Business owners and entrepreneurs often worry about the long-term obligations that come with a new commercial lease. Some companies even delay opening a physical location or expanding because of the liability inherent in signing a new commercial lease.
How can a business owner or entrepreneur reduce the degree of risk assumed when signing a new lease?
They clarify and negotiate certain terms
Every commercial lease contains specific terms set by the landlord. Occasionally, prospective tenants can negotiate with landlords to alter some of those terms. For example, a startup may not be able to bankroll major repairs or maintenance expenses for a space. The party negotiating the lease may need to clarify what, if any, maintenance responsibilities pass to the tenant.
Other times, landlords perform facility maintenance and repairs themselves but pass those costs on to tenants via certain fees in addition to rent. If tenants will make less use of common spaces than other tenants in a shared facility, possibly because they won’t have foot traffic or employees, it may be possible to negotiate lower fees; however, some items such as insurance and property taxes are based on the square footage occupied by the tenant so those items may be less negotiable.

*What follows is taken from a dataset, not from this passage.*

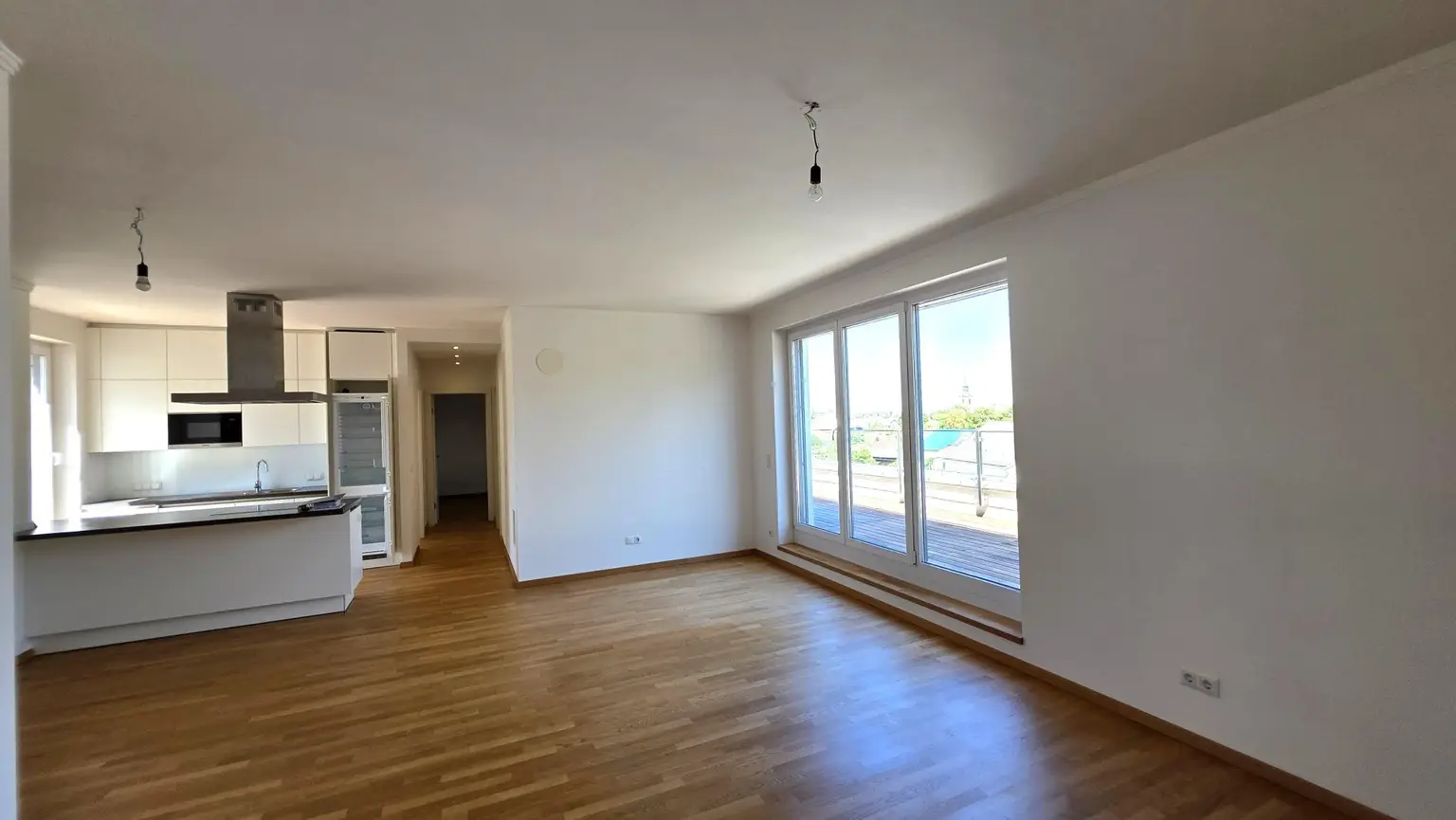 Maria Enzersdorf - Schlosspark!!! Stylische Neubauwohnung + MEGA Dachterrasse + Grün- und Weitblick!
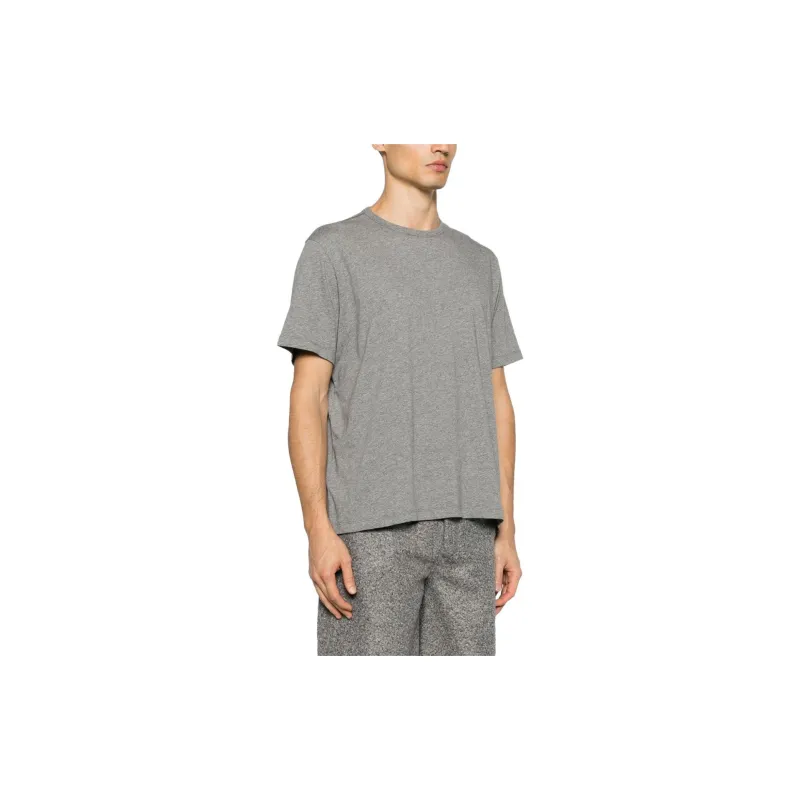 OUR LEGACY Round neck Cotton T shirt-4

Additionally, the duration of the lease itself is sometimes negotiable. Commercial leases are usually multi-year commitments, but landlords may shorten the length of a lease in some cases to accommodate a new tenant. Tenants may also want to include terms in their lease that allow them to end the arrangement early.
Force majeure clauses can protect a business from financial liability or unpaid rent if the company must close due to factors outside of the organization’s control. Tenants can also sometimes negotiate lease assignment clauses that allow them to find a new party to take over the space if the company closes or chooses to downsize and eliminate certain facilities in the future.
Once all relevant parties sign a commercial lease, it becomes an enforceable contract. Negotiating for more favorable terms with the assistance of an attorney before that point can help protect those who own and manage businesses.